## ASSIGNMENT
All lines from the one containing "Maison Grasse - 9 chambres - 434m²" down to the one containing "Scarpe di stoffa", both ends included, are to be given again exactly; omit the rest of the listing below.

## EXERCISE INPUT
++++++++++
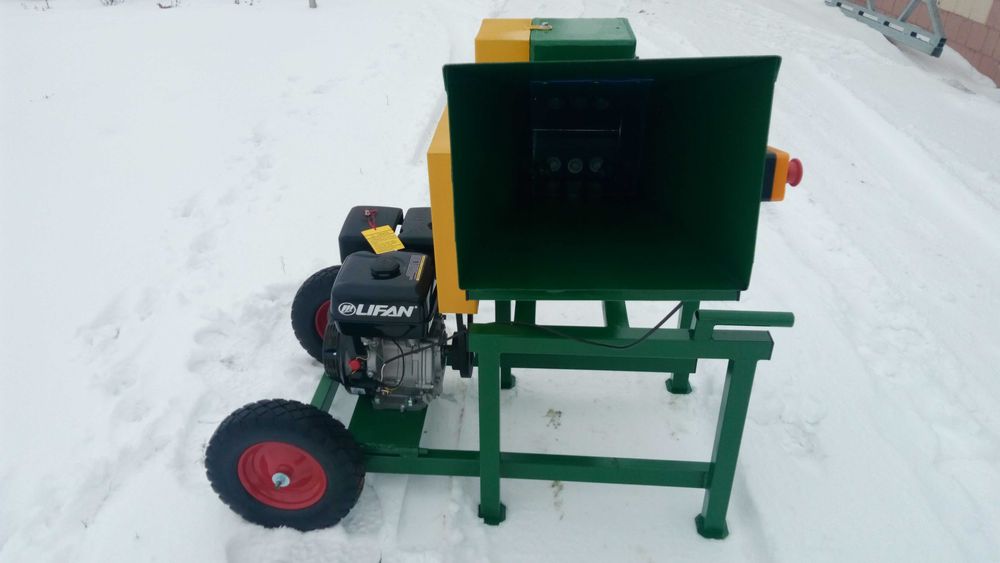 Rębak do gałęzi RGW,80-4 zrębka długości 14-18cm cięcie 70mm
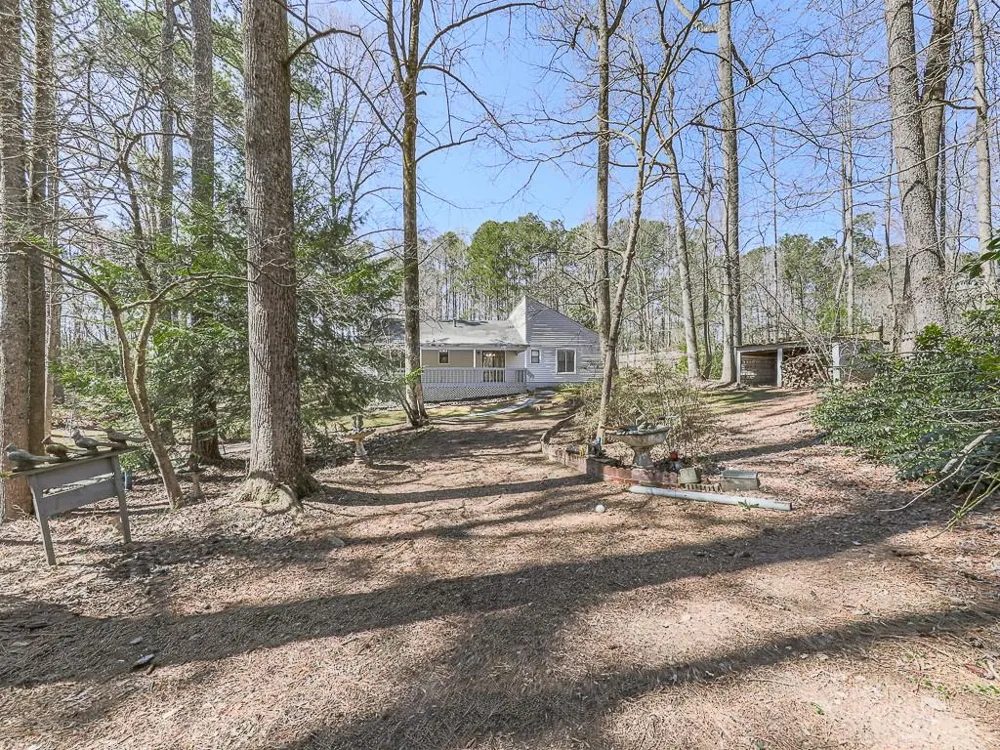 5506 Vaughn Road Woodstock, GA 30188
++++++++++
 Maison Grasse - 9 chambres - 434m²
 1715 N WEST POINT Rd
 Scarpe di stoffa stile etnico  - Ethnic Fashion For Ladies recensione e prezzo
++++++++++
## EXERCISE ANSWER
 Maison Grasse - 9 chambres - 434m²
 1715 N WEST POINT Rd
 Scarpe di stoffa stile etnico  - Ethnic Fashion For Ladies recensione e prezzo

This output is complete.